# What needs to be done
Return, without pictures, the lines from the start of the data through the one that contains "Fleko Dual Krom".

————————

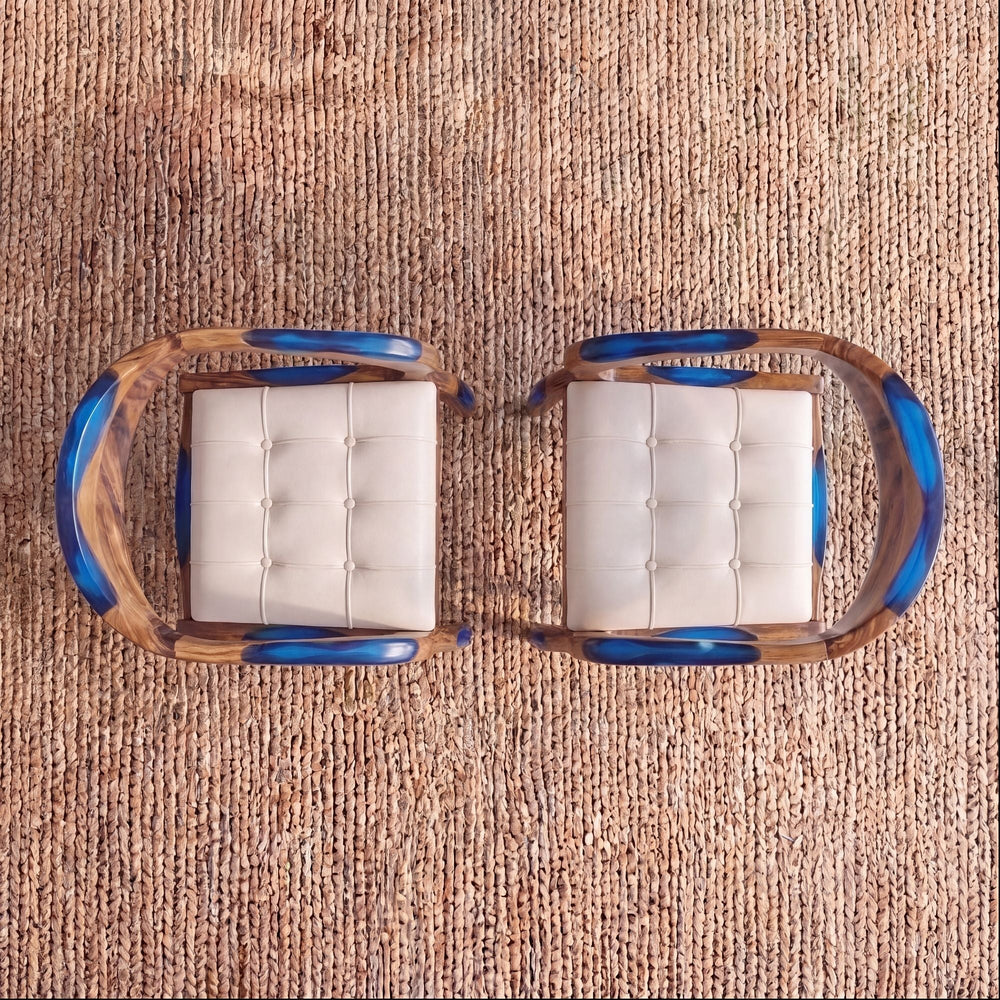Walnut Sapphire Blue Epoxy Dining Arm Chair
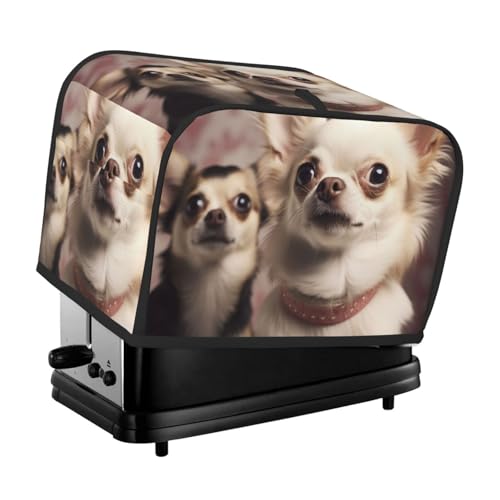 2 Scheiben Toaster-Abdeckung mit Taschen und Griff oben, kleine Brotbackmaschinen-Abdeckungen, niedlich, Chihuahua, Küche, kleine Geräte, waschbar, universelle Ofenabdeckungen von PPTHSNVB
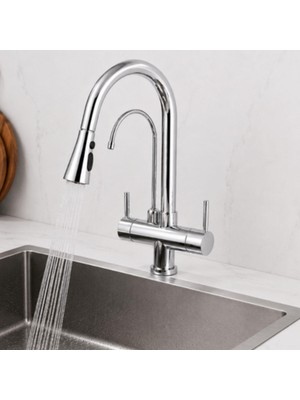 Fleko Dual Krom Arıtmalı Spiralli Mutfak Bataryası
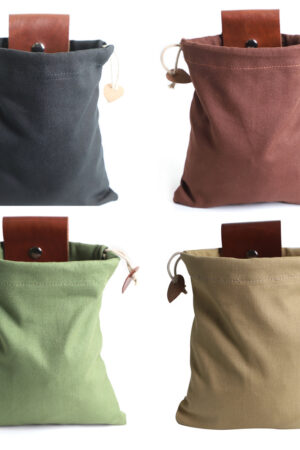 Leather Foraging Bag Mushroom Foraging Bag Canvas Foraging Pouch Collapsible For Hiking Camping Hunting Foraging Bag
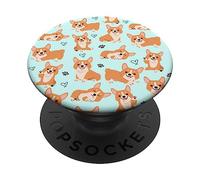 Cute Corgi Dog with Paws Lover in Aqua Turquoise Pattern PopSockets PopGrip Adhesivo
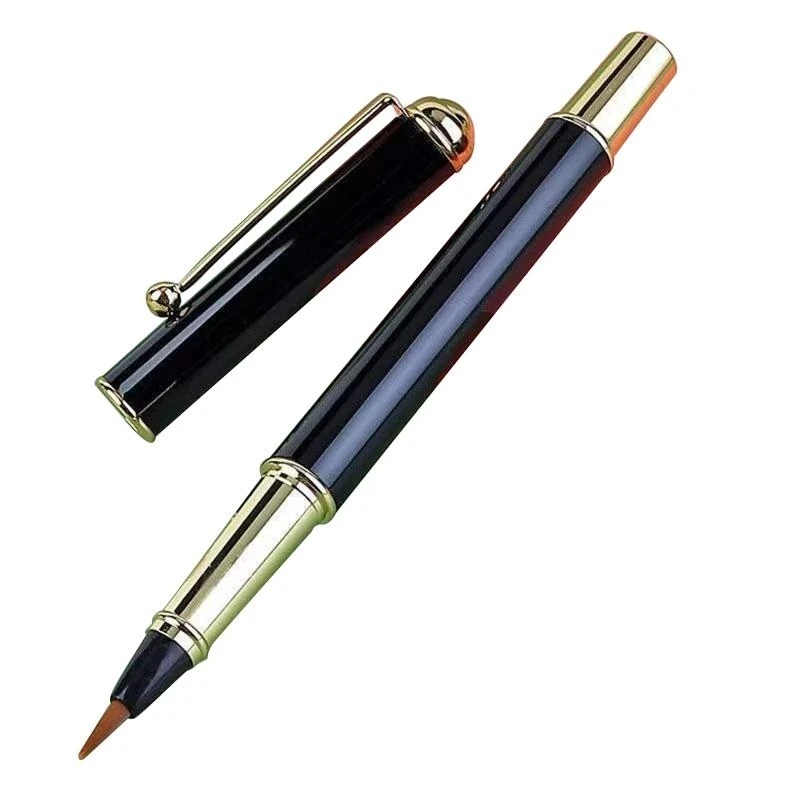 Portable Metal Chinese Brush Beginners Pen Piston-filled for Kids Small Regular Script Writing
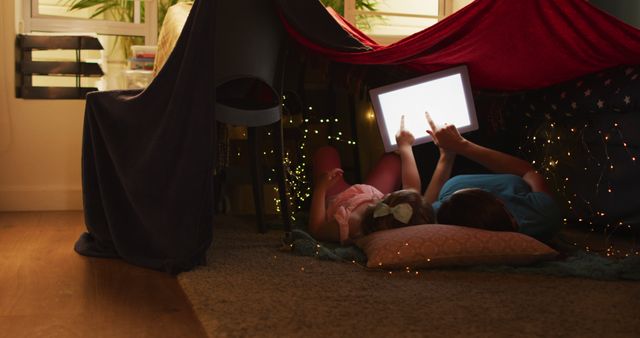 Children Using Tablet Under Blanket Fort at Home - Download Free Stock Images Pikwizard.com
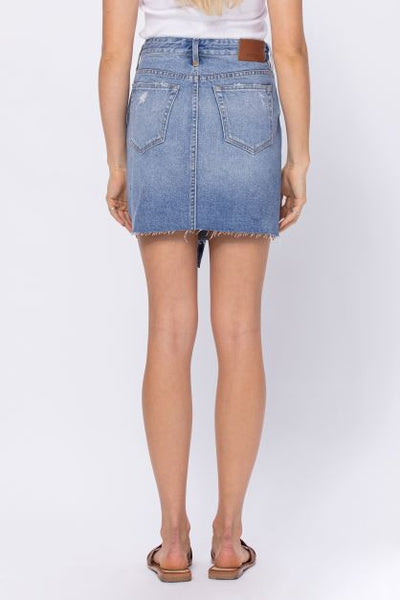 Hidden High Rise Asymmetrical Classic Mini Denim Skirt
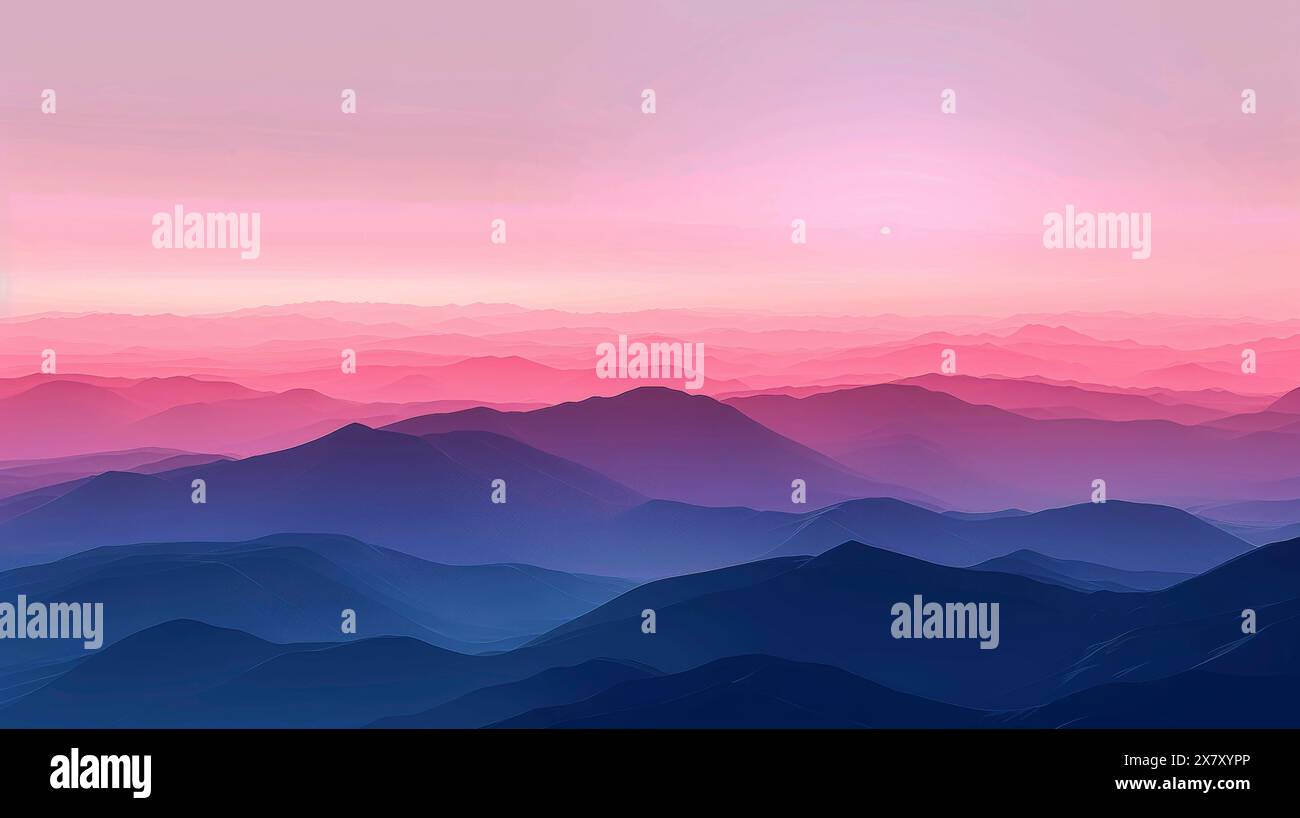 Abstract mountain landscape in dark tones with pink and purple gradient sky, evoking twilight Stock Photo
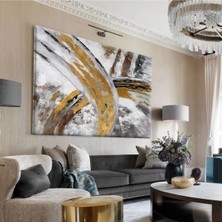 Harikabirev|beyaz-Siyah-Gold Soyut Detay Tablosu|tekli Çerçevesiz Yatay Kanvas Tablo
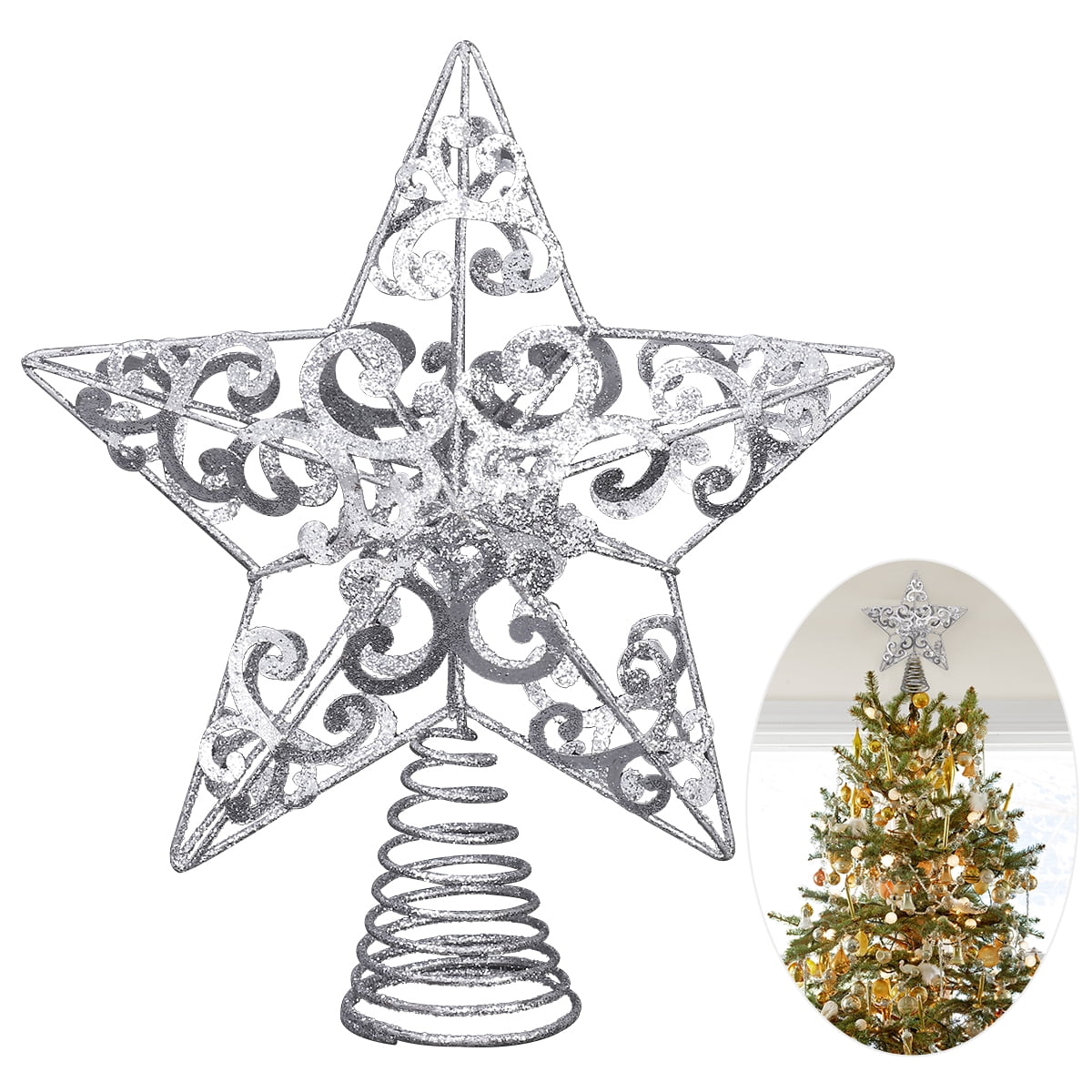 Glitter Star Tree Top Topper Christmas Tree Toppers Treetop Silver Xmas Decor UK 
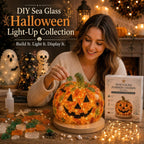 🎃✨Beginner-Friendly DIY Lighted Sea Glass Halloween Character Kit Collection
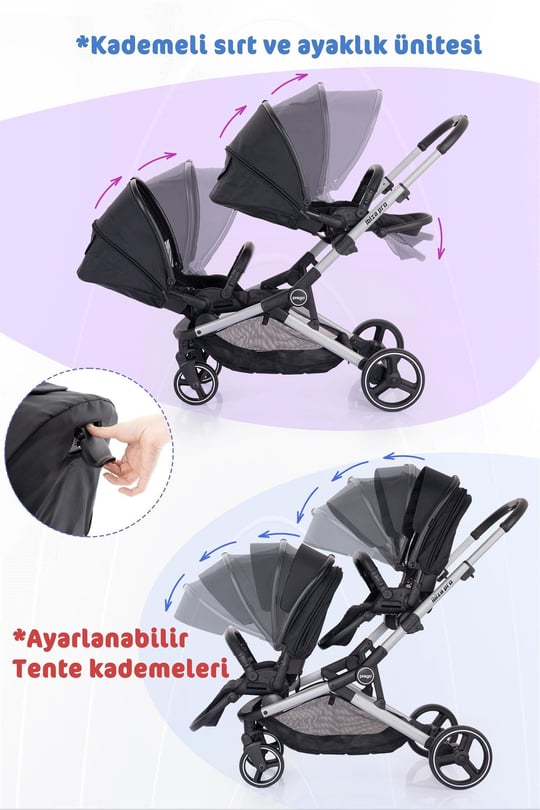 Prego 2071 İbiza Pro İKİZ BEBEK ARABASI SİYAH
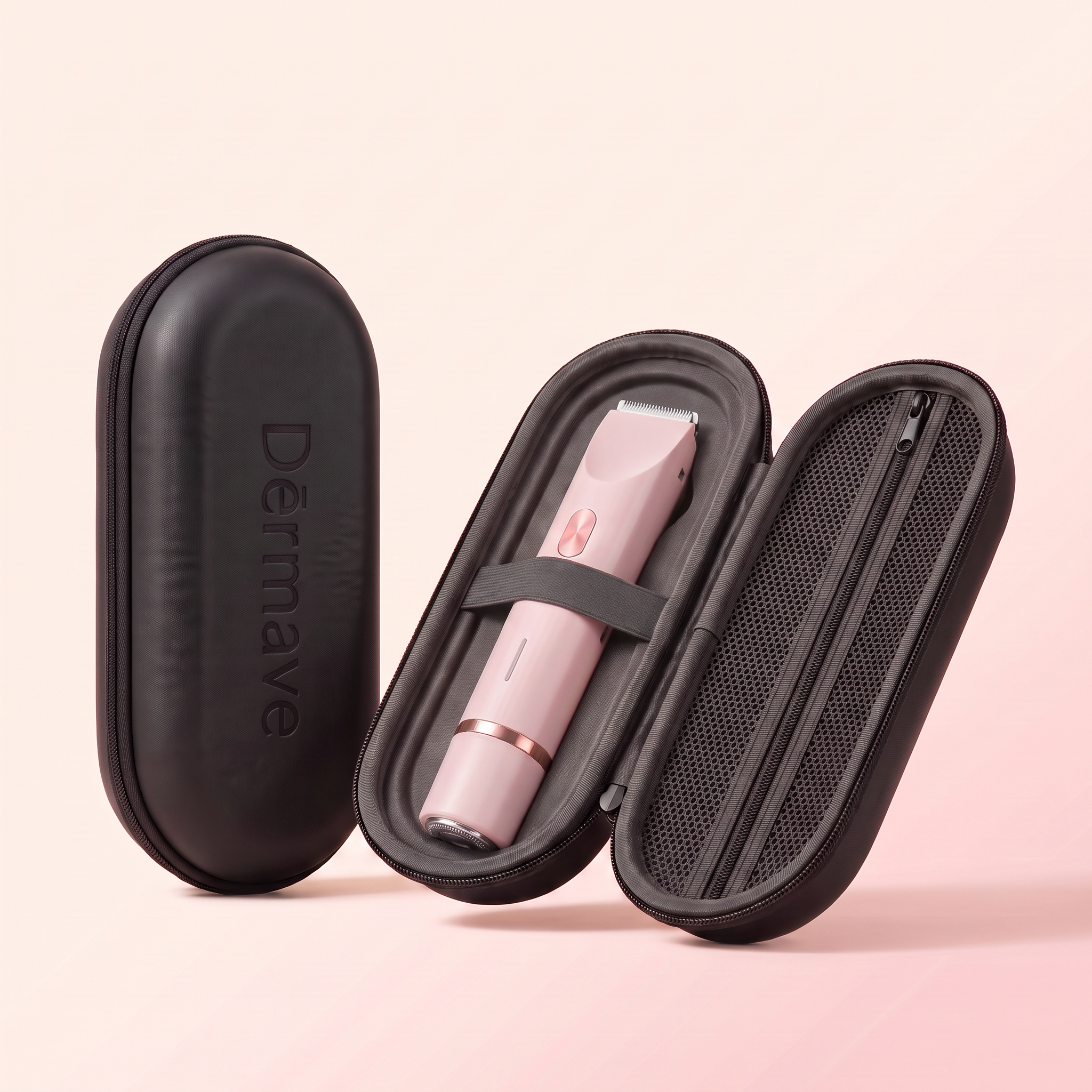 Modern handheld beauty device with indicator lights and a 30-day guarantee badge.
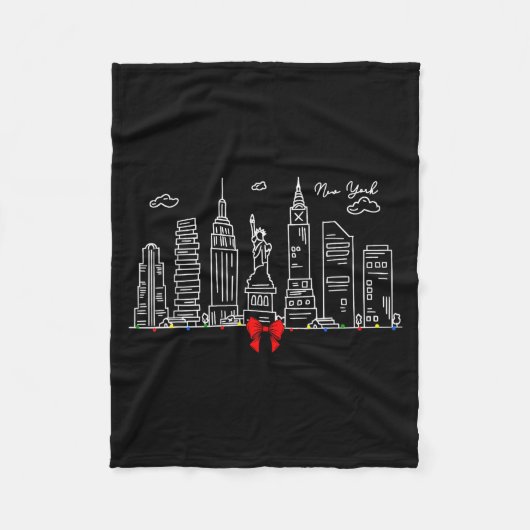 New York City Skyline Christmas Lights Nyc New Yor フリースブランケット (正面)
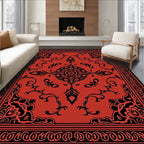 Classic Black Red Floral Mandala Rug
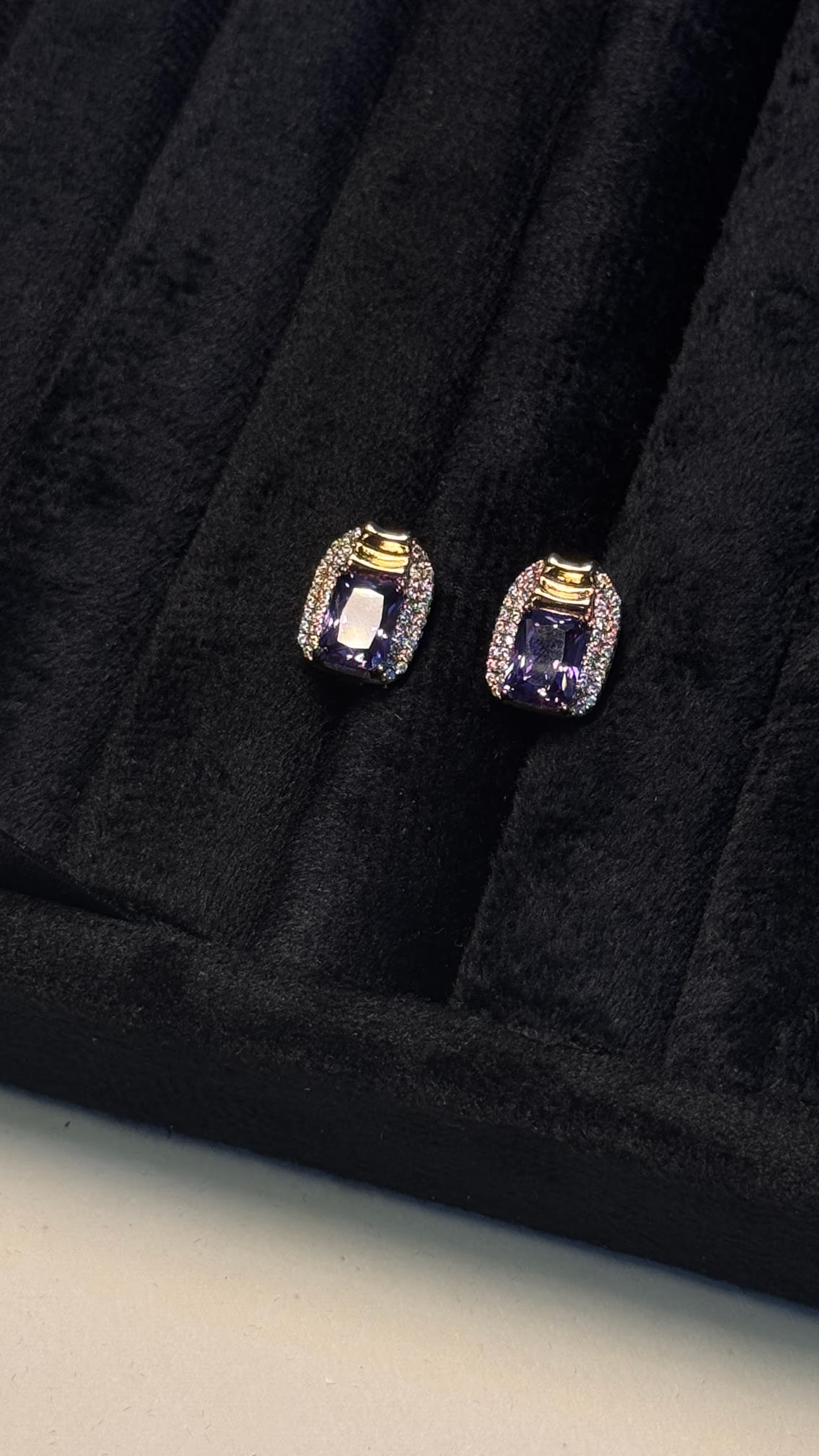Purple Crystal Rectangular Stud Earrings - View 2 - Shop Aizel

————————

# Response to this exercise
Walnut Sapphire Blue Epoxy Dining Arm Chair
 2 Scheiben Toaster-Abdeckung mit Taschen und Griff oben, kleine Brotbackmaschinen-Abdeckungen, niedlich, Chihuahua, Küche, kleine Geräte, waschbar, universelle Ofenabdeckungen von PPTHSNVB
 Fleko Dual Krom Arıtmalı Spiralli Mutfak Bataryası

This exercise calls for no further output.